Direct bilirubin is water-soluble bilirubin. Indirect bilirubin, which is formed during the breakdown of erythrocytes (red blood cells), is transported to the liver bound to albumin. In the liver, it is conjugated with glucuronic acid to form water-soluble direct bilirubin.
The conjugated bilirubin level is “directly” measured using the Van den Bergh test.
In order to measure total bilirubin, serum is first mixed with alcohol to release unconjugated bilirubin bound to albumin. In this case, when the Van de Bergh Test is applied, total bilirubin is measured.
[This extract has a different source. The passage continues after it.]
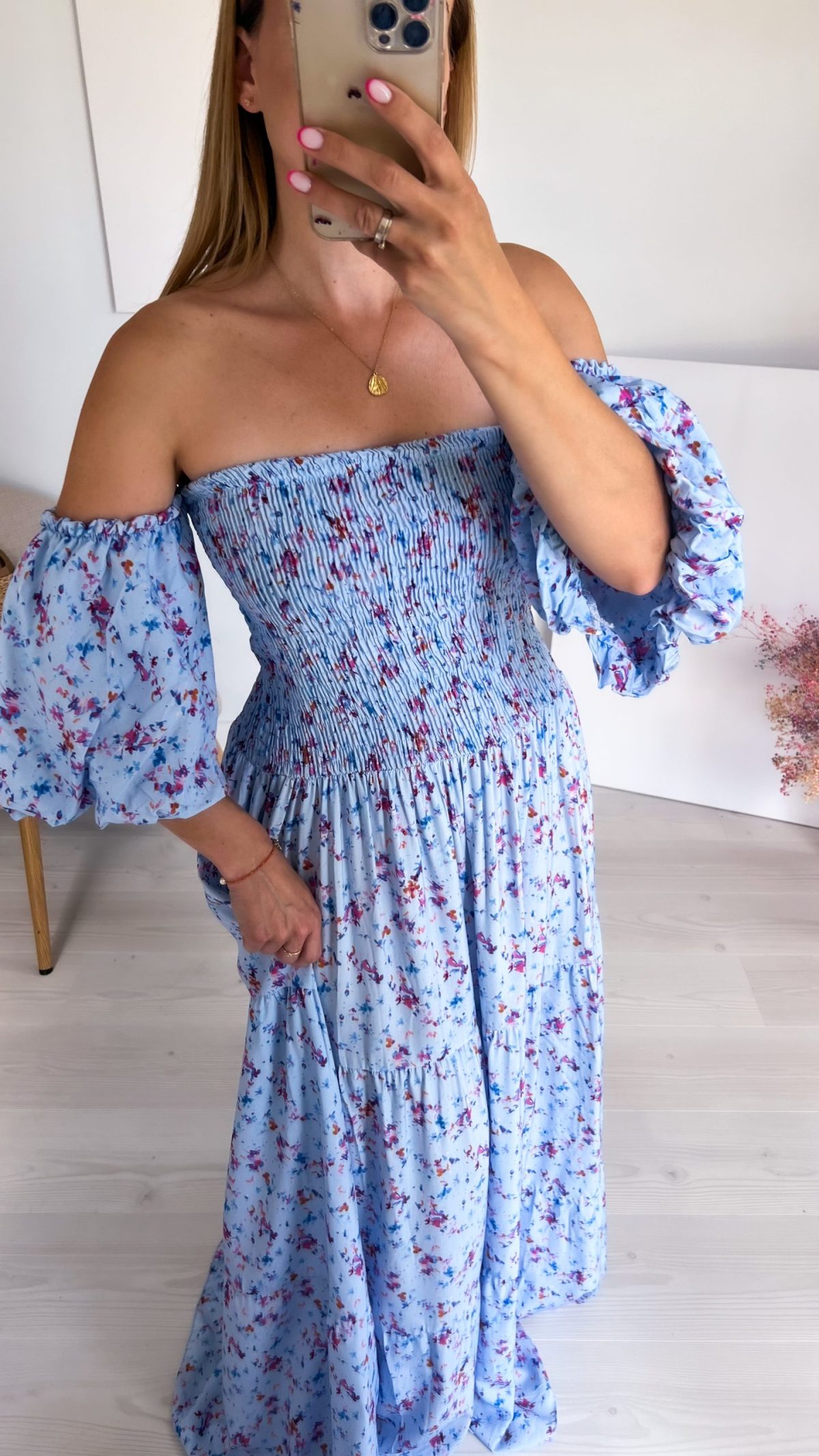🌸 Błękitna hiszpanka maxi - obrazek 7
The difference between the two measurements provides the value of indirect (unconjugated) bilirubin. In other words, indirect bilirubin is indirectly measured via calculation.
Liver cells excrete direct bilirubin into bile, which then flows into the small intestine and is eliminated from the body via feces. Biliary tract obstruction causes direct bilirubin accumulation in the liver and bloodstream, leading to an increase in direct bilirubin levels. This results in jaundice, a condition characterized by yellowing of the skin and sclera, as well as pale-colored stools due to decreased bile flow into the intestine and tea-colored urine due to increased bilirubin excretion into the urine.
In laboratories, total bilirubin (N=0.3-1.2 mg/dL) and direct bilirubin (N=0-0.2 mg/dL) are measured. The difference between the two values is calculated as indirect bilirubin.